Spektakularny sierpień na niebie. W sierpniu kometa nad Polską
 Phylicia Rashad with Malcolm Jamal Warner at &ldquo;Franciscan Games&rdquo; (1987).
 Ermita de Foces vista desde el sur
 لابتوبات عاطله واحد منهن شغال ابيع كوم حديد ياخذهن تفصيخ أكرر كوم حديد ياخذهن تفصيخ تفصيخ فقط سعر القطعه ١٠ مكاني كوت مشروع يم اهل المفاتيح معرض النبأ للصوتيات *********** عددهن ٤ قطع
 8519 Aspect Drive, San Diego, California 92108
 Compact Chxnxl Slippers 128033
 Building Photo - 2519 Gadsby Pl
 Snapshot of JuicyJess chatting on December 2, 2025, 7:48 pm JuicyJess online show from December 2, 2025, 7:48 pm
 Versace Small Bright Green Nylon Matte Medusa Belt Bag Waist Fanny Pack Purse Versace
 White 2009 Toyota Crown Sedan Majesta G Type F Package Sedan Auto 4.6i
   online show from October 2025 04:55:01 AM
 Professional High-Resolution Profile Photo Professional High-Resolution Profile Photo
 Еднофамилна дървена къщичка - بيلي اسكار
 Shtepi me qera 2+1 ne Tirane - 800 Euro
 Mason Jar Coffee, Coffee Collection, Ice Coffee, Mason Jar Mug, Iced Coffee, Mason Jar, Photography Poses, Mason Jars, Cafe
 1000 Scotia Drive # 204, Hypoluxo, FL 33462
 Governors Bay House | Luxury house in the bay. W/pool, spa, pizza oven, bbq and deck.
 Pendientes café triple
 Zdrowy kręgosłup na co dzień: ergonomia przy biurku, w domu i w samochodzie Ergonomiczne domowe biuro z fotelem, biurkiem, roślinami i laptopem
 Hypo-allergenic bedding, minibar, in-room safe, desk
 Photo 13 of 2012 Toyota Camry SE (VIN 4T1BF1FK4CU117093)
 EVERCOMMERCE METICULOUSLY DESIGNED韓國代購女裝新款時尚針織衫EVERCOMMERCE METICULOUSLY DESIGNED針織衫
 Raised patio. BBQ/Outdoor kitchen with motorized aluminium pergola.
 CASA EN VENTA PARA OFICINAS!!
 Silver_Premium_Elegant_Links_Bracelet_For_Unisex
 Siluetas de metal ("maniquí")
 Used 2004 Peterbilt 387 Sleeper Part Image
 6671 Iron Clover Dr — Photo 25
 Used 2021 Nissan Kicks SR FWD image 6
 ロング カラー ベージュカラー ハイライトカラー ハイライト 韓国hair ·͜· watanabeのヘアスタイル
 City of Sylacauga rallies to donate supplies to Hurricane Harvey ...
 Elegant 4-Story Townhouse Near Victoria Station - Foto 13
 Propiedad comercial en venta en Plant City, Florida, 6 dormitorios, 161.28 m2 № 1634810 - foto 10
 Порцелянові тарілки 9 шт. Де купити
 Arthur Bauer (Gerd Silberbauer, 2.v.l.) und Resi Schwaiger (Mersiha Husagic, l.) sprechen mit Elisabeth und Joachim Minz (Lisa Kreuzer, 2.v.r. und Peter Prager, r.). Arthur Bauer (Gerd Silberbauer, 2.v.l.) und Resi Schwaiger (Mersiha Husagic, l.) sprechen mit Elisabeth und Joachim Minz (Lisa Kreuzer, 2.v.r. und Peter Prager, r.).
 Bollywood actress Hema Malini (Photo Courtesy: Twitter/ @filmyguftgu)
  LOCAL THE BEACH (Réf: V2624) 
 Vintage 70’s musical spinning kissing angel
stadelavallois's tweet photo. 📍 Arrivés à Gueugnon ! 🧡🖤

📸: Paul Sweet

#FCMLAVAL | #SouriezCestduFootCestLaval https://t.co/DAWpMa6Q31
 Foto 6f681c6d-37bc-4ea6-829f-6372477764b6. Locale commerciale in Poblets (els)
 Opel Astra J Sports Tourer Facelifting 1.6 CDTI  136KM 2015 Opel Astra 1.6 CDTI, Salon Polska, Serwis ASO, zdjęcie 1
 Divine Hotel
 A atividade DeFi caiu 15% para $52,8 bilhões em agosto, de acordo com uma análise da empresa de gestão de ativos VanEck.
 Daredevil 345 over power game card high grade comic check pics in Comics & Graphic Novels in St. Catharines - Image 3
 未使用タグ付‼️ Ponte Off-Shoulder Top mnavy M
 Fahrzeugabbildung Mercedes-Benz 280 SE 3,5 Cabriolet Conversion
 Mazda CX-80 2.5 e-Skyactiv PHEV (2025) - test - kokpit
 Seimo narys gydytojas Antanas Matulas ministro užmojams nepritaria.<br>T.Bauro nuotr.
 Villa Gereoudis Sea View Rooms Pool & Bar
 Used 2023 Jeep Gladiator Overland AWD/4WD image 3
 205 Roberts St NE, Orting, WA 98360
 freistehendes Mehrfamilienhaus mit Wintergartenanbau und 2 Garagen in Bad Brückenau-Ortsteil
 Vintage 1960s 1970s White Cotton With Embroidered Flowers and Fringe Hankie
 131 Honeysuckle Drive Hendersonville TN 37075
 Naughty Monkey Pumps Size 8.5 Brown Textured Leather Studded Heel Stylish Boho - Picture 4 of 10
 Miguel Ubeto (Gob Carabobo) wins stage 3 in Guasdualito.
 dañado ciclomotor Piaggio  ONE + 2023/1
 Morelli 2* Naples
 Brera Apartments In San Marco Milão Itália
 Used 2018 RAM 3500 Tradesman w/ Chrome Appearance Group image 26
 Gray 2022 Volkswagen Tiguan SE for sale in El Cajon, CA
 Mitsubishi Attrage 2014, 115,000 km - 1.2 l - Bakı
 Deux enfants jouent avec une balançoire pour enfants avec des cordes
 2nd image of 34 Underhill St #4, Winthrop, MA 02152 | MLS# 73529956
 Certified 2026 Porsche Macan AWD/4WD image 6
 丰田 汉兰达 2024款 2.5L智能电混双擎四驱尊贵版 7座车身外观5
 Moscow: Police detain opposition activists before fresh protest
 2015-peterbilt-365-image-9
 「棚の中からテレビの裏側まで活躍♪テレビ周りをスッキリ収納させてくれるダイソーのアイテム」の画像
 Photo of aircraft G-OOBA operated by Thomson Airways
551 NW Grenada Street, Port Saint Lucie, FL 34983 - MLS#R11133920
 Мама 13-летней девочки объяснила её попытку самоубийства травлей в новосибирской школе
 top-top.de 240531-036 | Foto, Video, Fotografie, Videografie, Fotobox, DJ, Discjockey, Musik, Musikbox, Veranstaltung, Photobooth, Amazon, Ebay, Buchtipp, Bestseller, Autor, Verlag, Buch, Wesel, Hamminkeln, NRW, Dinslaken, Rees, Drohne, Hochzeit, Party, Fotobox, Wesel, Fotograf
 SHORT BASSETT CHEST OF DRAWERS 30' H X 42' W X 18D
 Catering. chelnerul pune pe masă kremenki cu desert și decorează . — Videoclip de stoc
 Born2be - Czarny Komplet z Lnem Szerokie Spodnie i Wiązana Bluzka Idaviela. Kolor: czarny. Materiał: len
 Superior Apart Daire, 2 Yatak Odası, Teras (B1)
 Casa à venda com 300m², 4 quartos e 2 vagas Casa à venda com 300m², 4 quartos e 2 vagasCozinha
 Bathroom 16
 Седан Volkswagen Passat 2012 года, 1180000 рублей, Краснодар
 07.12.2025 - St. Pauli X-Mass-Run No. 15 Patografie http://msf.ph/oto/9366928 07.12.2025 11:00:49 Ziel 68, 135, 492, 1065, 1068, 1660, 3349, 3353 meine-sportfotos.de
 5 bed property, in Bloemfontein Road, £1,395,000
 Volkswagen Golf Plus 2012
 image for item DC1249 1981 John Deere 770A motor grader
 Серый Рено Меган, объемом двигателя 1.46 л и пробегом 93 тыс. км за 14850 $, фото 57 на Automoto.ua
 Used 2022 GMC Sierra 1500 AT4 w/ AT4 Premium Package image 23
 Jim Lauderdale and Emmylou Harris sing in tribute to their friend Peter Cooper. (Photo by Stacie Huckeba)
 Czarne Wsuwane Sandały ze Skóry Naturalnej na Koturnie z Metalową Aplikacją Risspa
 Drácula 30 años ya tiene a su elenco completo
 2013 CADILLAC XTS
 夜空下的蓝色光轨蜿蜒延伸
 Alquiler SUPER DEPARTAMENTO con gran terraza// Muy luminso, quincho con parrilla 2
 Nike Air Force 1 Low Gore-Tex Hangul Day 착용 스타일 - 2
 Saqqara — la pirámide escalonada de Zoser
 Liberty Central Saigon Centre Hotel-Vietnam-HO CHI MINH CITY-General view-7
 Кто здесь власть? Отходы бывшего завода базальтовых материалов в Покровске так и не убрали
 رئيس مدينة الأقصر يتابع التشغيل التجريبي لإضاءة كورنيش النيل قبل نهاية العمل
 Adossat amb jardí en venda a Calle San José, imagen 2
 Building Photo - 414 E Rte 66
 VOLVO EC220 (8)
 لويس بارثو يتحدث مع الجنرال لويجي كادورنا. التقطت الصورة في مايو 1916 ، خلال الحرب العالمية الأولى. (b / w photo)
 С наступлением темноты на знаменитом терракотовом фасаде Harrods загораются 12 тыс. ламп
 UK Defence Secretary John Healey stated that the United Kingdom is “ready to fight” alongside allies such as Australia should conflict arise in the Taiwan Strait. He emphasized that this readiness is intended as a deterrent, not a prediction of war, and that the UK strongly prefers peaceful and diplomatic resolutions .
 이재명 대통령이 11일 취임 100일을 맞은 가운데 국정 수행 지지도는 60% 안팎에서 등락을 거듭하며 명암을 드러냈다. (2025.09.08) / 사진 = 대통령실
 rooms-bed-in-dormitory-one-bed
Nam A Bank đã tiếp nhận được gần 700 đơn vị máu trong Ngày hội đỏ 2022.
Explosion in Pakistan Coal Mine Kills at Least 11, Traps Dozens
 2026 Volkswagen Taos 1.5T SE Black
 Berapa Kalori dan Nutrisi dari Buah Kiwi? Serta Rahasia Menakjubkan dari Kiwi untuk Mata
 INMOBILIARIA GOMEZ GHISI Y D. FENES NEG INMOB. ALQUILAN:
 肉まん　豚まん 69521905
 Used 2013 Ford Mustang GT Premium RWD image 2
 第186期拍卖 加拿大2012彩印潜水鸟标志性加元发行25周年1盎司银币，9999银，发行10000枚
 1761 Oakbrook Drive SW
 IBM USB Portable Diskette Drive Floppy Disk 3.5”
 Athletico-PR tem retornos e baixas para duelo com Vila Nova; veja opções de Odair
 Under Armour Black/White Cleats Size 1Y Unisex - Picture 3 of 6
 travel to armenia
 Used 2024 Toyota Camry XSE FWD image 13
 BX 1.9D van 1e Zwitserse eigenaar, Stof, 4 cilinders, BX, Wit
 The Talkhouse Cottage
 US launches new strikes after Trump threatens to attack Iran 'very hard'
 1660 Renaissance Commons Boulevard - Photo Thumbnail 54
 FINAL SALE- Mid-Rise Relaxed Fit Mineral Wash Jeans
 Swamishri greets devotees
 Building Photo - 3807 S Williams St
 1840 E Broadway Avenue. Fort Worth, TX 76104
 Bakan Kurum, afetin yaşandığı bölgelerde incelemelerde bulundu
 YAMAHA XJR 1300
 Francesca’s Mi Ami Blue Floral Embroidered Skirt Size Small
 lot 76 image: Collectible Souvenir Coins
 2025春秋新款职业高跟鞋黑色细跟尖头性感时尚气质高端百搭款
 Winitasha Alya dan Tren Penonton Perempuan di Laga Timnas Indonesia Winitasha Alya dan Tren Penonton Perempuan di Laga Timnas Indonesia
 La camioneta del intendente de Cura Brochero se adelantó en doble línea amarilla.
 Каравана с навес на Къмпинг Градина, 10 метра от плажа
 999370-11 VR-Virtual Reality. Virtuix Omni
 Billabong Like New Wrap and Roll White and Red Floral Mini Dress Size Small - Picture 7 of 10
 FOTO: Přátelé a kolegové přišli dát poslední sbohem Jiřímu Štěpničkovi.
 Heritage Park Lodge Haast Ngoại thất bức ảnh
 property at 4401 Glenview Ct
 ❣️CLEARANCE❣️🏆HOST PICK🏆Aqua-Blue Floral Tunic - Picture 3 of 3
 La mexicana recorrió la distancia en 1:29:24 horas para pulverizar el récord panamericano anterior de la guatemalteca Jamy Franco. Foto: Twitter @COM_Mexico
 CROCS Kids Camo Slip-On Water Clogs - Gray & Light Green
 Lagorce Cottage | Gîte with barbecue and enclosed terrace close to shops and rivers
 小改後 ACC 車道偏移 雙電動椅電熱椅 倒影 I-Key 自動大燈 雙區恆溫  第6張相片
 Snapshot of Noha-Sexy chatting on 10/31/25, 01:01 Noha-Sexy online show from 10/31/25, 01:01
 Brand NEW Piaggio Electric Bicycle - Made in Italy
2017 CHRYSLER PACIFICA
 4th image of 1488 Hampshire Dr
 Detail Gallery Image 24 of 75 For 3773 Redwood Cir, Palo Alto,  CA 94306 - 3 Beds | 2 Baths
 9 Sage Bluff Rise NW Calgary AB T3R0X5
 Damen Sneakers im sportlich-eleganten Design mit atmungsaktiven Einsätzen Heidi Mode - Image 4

#####

__Problem requirements__. In the data above, start at the line that has "dañado ciclomotor Piaggio", stop after the line that has "2nd image of", and print every line in between exactly as it stands.

__Task result__.
 dañado ciclomotor Piaggio  ONE + 2023/1
 Morelli 2* Naples
 Brera Apartments In San Marco Milão Itália
 Used 2018 RAM 3500 Tradesman w/ Chrome Appearance Group image 26
 Gray 2022 Volkswagen Tiguan SE for sale in El Cajon, CA
 Mitsubishi Attrage 2014, 115,000 km - 1.2 l - Bakı
 Deux enfants jouent avec une balançoire pour enfants avec des cordes
 2nd image of 34 Underhill St #4, Winthrop, MA 02152 | MLS# 73529956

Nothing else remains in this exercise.